Ivan Karp shaped the Castelli "stable" in mid-60s. Castelli was a well-dressed dope w US propaganda connectos. Am I clear?

There's a link to Artnews. Publisher there was only about art that had big bucks. He too was part of "propaganda."


message 28: by Geoffrey (new)

Geoffrey | 201 comments Hooray for Jeff Koons. He has demonstrated that anyone without real talent can become a famous artist. Many one-handed clappings to him.


message 29: by Heather, Moderator (new)

Heather | 8393 comments

The Back I
Henri Matisse
1908-09

"Although Matisse is known above all as a painter, sculpture was also important to him, and he was particularly inspired by Auguste Rodin, whom he visited in his studio in 1900. The Back I is the first of a series of four large relief sculptures that Matisse worked on between 1909 and 1931, all of which are significantly innovative. Conventionally, the background of a relief sculpture is regarded as a virtual plane, a kind of imaginary space that the viewer fills in his own notions. But in The Back series, Matisse suggested that the backdrop was fashioned from the same heavy material as the figure itself. Throughout the series, the figure is progressively simplified and further identified with the background. The motif was possibly first inspired by a figure in a painting by Cézanne that Matisse owned."

Bronze - MoMA, New York
http://www.theartstory.org/artist-mat...

I had no idea!


message 30: by Heather, Moderator (new)

Heather | 8393 comments I do, too Luis.


message 31: by Heather, Moderator (new)

Heather | 8393 comments Luís wrote: "Completion Date: 1998-2001
Artist: Frank Stella



Given Stella's creation of numerous, at times large-scale, paintings with protruding three-dimensional elements, the production of freestanding sc..."


Interesting, I'm sorry but it looks like a plane wreck.


message 32: by Dvora (last edited Mar 14, 2016 07:46AM) (new)

Dvora Given our current read, I would say that Stella was directly influenced by Vladamir Tatlin (one of those pesky Russians who brought us suprematism or constructivism, or whatever). Do I sound knowledgeable? I'm not. Just learning the names of the movements of art I don't like!
Heather wrote: "Luís wrote: "Completion Date: 1998-2001
Artist: Frank Stella



Given Stella's creation of numerous, at times large-scale, paintings with protruding three-dimensional elements, the production of fr..."

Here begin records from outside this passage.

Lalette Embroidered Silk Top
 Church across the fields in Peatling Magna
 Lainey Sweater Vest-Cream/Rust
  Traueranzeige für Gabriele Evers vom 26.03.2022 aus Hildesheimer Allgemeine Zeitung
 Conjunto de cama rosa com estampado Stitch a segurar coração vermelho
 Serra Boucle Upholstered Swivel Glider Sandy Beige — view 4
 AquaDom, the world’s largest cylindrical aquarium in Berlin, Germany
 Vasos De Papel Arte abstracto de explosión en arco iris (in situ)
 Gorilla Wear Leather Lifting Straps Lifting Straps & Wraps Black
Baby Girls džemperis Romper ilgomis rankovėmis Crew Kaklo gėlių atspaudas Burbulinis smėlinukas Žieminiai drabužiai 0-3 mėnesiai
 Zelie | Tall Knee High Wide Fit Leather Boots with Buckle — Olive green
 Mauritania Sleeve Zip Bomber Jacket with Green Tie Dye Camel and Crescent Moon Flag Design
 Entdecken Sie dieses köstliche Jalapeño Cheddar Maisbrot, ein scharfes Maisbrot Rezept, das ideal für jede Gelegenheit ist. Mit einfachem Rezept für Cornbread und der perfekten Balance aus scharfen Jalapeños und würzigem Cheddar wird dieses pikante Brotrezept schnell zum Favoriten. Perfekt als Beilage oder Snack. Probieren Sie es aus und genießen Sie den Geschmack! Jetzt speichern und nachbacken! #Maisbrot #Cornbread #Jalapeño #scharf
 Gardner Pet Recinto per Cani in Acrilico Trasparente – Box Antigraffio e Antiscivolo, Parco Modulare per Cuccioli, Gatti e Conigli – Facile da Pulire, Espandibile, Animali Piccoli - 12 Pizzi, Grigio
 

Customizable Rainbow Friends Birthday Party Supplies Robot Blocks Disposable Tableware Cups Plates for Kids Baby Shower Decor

message 33: by Heather, Moderator (new)

Heather | 8393 comments

La chemise noire (The Black Chemise)
Kees van Dongen


message 34: by Heather, Moderator (last edited Mar 16, 2016 11:18AM) (new)

Heather | 8393 comments

Atmosphere and Environment XII
Louise Nevelson
1970

"...exploried the streets for inspiration and finding it in wood. Nevelson's most notable sculptures are her walls; wooden, wall-like collage driven reliefs consisting of multiple boxes and compartments that hold abstract shapes and found objects from chair legs to balusters. Nevelson described these immersive sculptures as "environments". The wooden pieces were also cast-off scraps, pieces found in the streets of New York. Nevelson took found objects and by spray painting them she disguised them of their actual use or meaning. Nevelson called herself "the original recycler" owing to her extensive use of discarded objects, and credited Pablo Picasso for "giving us the cube" that served as the groundwork for her cubist-style sculpture. She found strong influence in Picasso and Hofmann's cubist ideals, describing the Cubist movement as "one of the greatest awarenesses that the human mind has ever come to." She also found influence in Native American and Mayan art, dreams, the cosmos and archetypes. https://en.wikipedia.org/wiki/Louise_...

I love this!


message 35: by Heather, Moderator (new)

Heather | 8393 comments

The Knife Grinder
Kazimir Malevich
1913
Cubo-Futurism

The Russian Futurist painters adopted the forms of Cubism and combined them with the Italian Futurists' representation of movement. Kazimir Malevich developed the style, which can be seen in his The Knife Grinder (signed 1912, painted 1913), though he later abandoned it for Suprematism. https://en.wikipedia.org/wiki/Cubo-Fu...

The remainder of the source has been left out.